Townsend, Tennessee - Great Smoky Mountains National Park

Welcome to the Fishing Report.  The sky is clear and the temperature this morning is 14 degrees.  I know, the weather websites report 19 degrees.  My Chevy truck wouldn’t lie about that.  It is 14.  The air is crystal clear too as you can imagine.  The Great Smoky Mountains appear vivid and full of detail from my office.  It is Winter in East Tennessee again.

Little River was beautiful earlier.  Ice bells have formed on every twig that touches the water.  The chop rises up an inch or more and coats the bell with a new layer of ice.  That did not bother the heron at the swinging bridge.  He was wading in the water which is actually much warmer than the air.  The water temperature was 35 degrees at 7:45 am.

Flow is 258 cubic feet per second (cfs).  Normal flow for this date in Little River is 323 cfs.  The water is clear.

I don’t think you would coax me into fishing today.  First, the water temperature is close to the freezing mark.  Trout activity will be minimal.  Their appetite is controlled by water temperature.  The colder the water is, the less the trout have to eat to live.  Fishing will be slow in the Smokies today. 

If you do go, fish nymphs ticking along the river bottom.  I bet that would be your only chance.  If you do catch a trout release it quickly before it freezes to your hand.  Take several pairs of gloves.  Don’t fall in.  Better yet, don’t go.

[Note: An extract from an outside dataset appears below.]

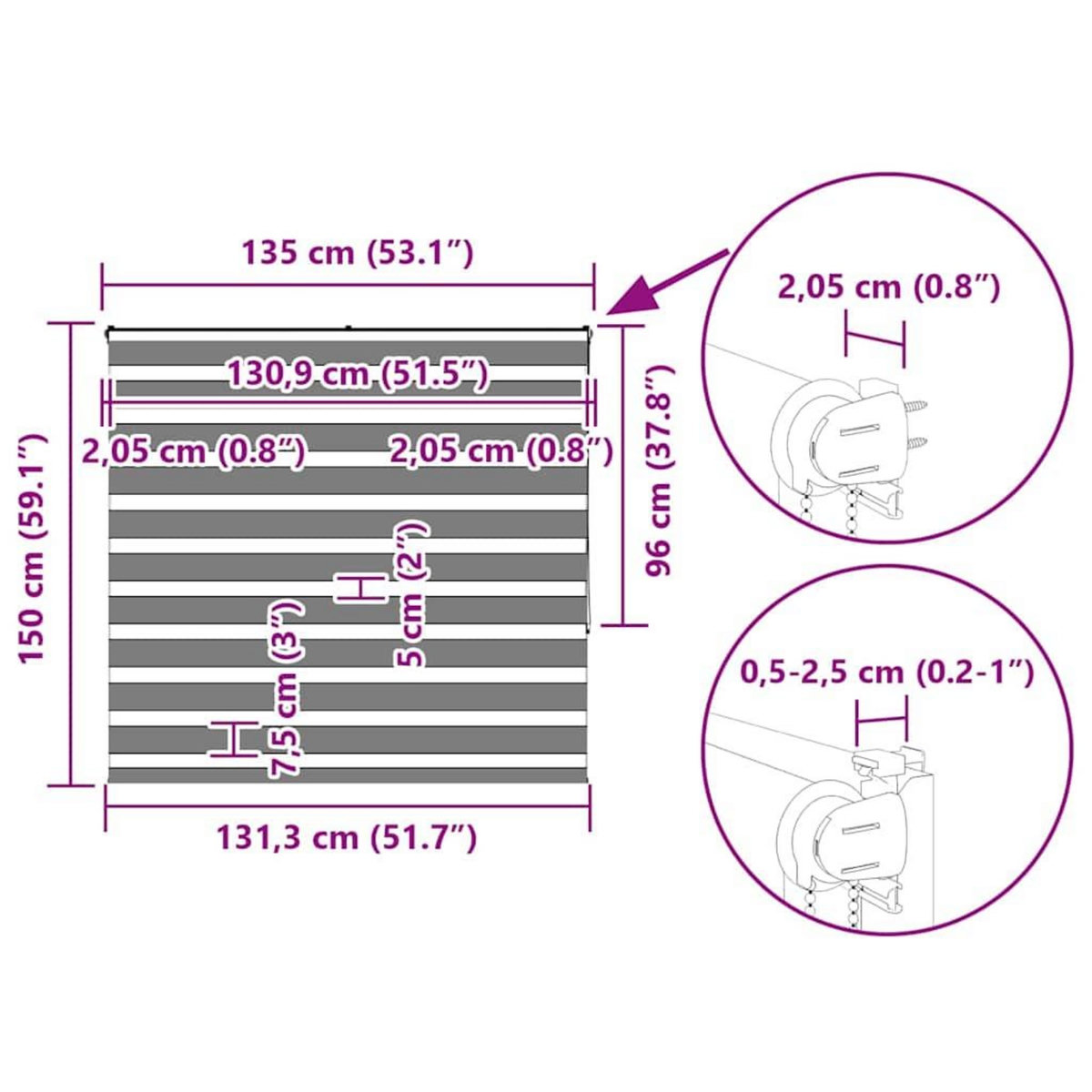 VIDAXL Store zebre marron sable largeur du tissu 130,9 cm polyester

I found an interesting article online about trapping muskrats this morning.  I read it on my iPad but now I can’t find it here at work.  There is a video on the home page of the Wall Street Journal but that is not what I saw.  Anyway, muskrat belly prices have skyrocketed during the past decade due to demand in China.  They use muskrat fur to make shoes.  The trapping of rats has become a fairly large industry again, especially in the Midwest U.S. where cold winters grow excellent fur. 

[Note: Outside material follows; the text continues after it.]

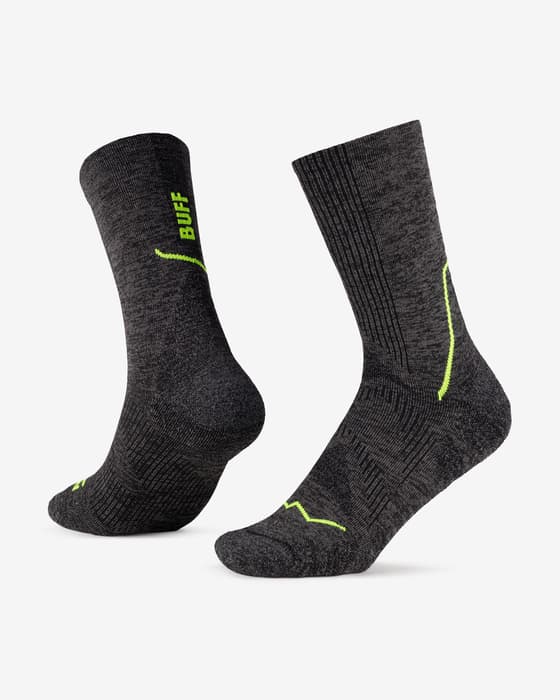 Calcetines Buff Dryflx Crew negro amarillo neón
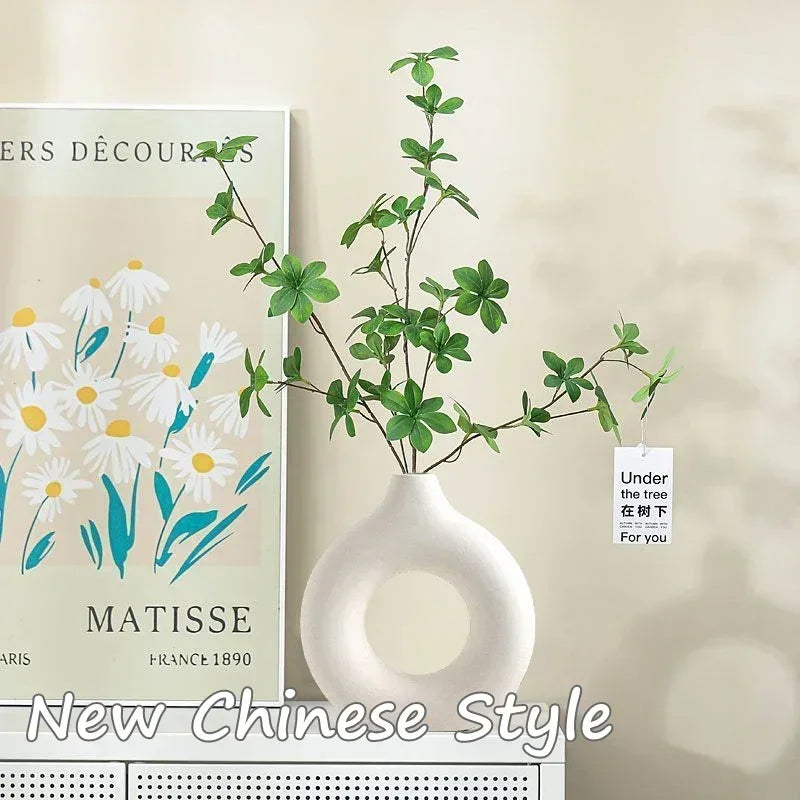 Imitation Ceramic Pure White Vase Donut Design Clean Vanilla Store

Last year a muskrat skin brought around $10 each to the trapper.  When I was a kid, we sold them for between $1.50 to $2.50.  That was a lot of money back then.  Sorry I can’t link you to the article.  I just searched all the sites I normally read every morning.  I noticed we did not receive any muskrat belly in our last fly tying order from Wapsi.  Is this going to be like the saddle hackle shortage we’ve been through?  Will we be deprived of our muskrat belly fur because someone in China is wearing muskrat house shoes?  I hope not.

I placed a large order with Whiting Farms last week.  They raise the chickens that provide the saddle hackle cherished by fly tyers and last year, women who attached them to their hair.  That craze seems to have died down.  But my mailbox included one from Whiting yesterday.  They still say they are four weeks behind filling orders.  So, I should expect this order in late January or early February.  We did get some necks and ½ necks from Umpqua yesterday.

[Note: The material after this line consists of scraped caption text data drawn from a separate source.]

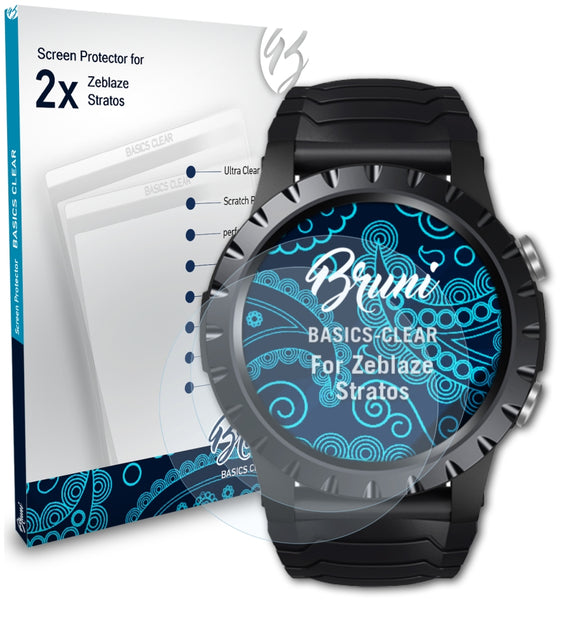 Bruni Basics-Clear Displayschutzfolie für Zeblaze Stratos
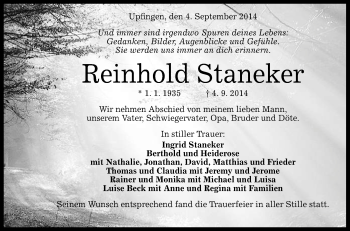 Anzeige von Reinhold Staneker von Reutlinger Generalanzeiger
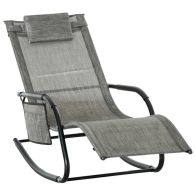 See more information about the Outsunny Breathable Mesh Rocking Chair Patio Rocker Lounge For Indoor & Outdoor Recliner Seat W/ Removable Headrest For Garden And Patio Dark Grey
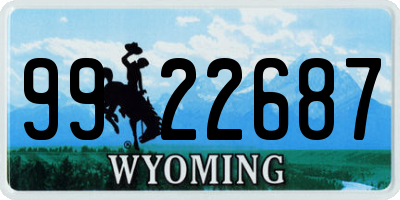 WY license plate 9922687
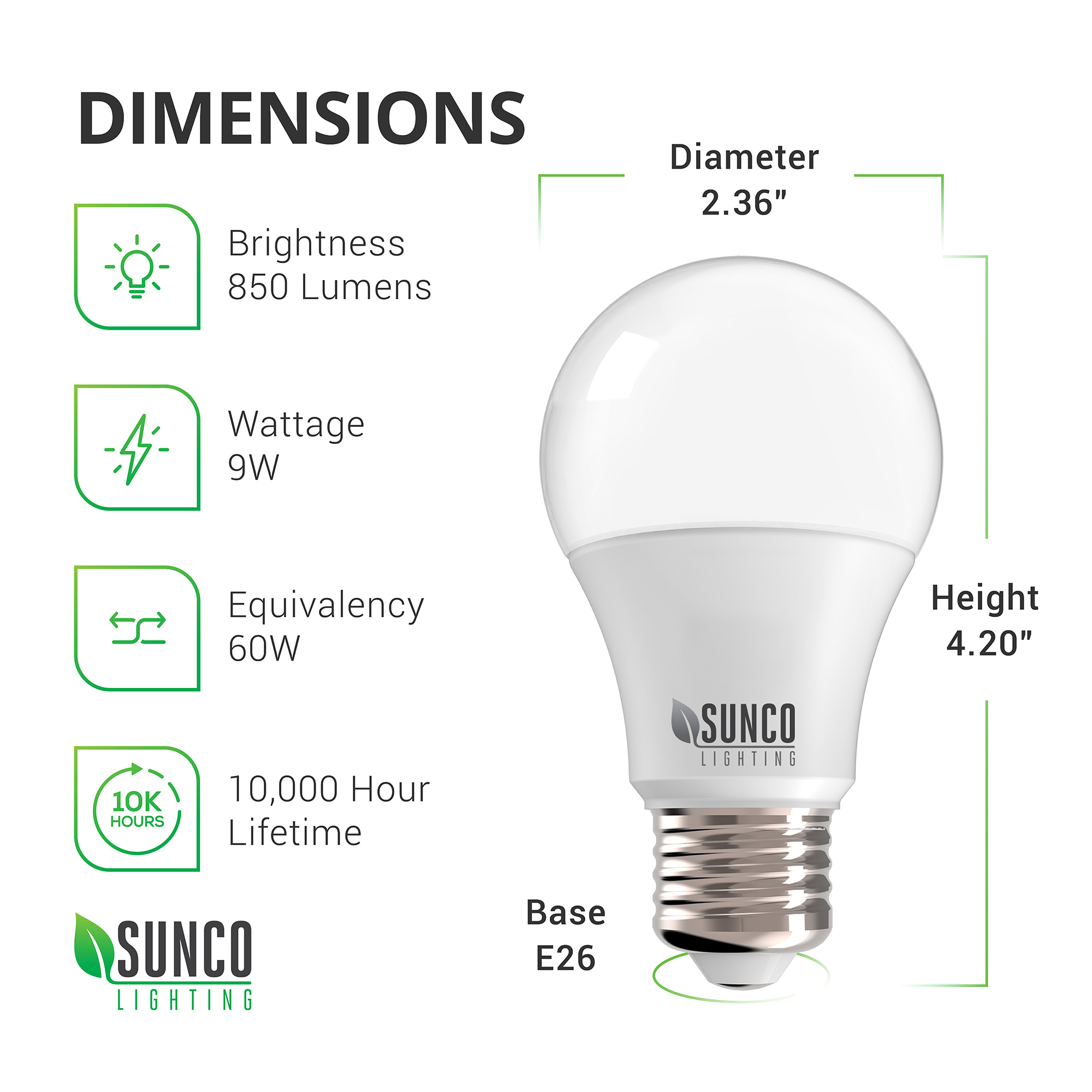 Sunco Lighting 12 Pack A19 LED Bulb, 9W=60W, 5000K Daylight, 850 LM, Non-Dimmable, E26 Base, Indoor Light - UL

The Aluminum Company of America is replacing the “power tower” that blew down into Chilhowee Lake in April.  Evidently, the tower took a direct hit from the tornado that blew across the lake and up the Abrams Creek watershed into Great Smoky Mountains National Park.  The lake was closed to fishing and boating for two months after the incident.  “You guys better get this job finished before Spring”. 

I am ready for Spring.  It won’t get here fast enough for me.


Our free fly tying seminars will feature Jack Gregory and Rob Fightmaster. Jack will be tying trout flies. Rob will tie bass flies. They will begin at 10:00 am and tie until 2:00 pm. Our seminars are free. Just show up, get a free cup of coffee and watch these two talented guys tie. Next Saturday January 14th, Walter Babb will be tying. I imagine there will be another fly tyer demonstrating that day too.

Have a great day and thank you for being here with us.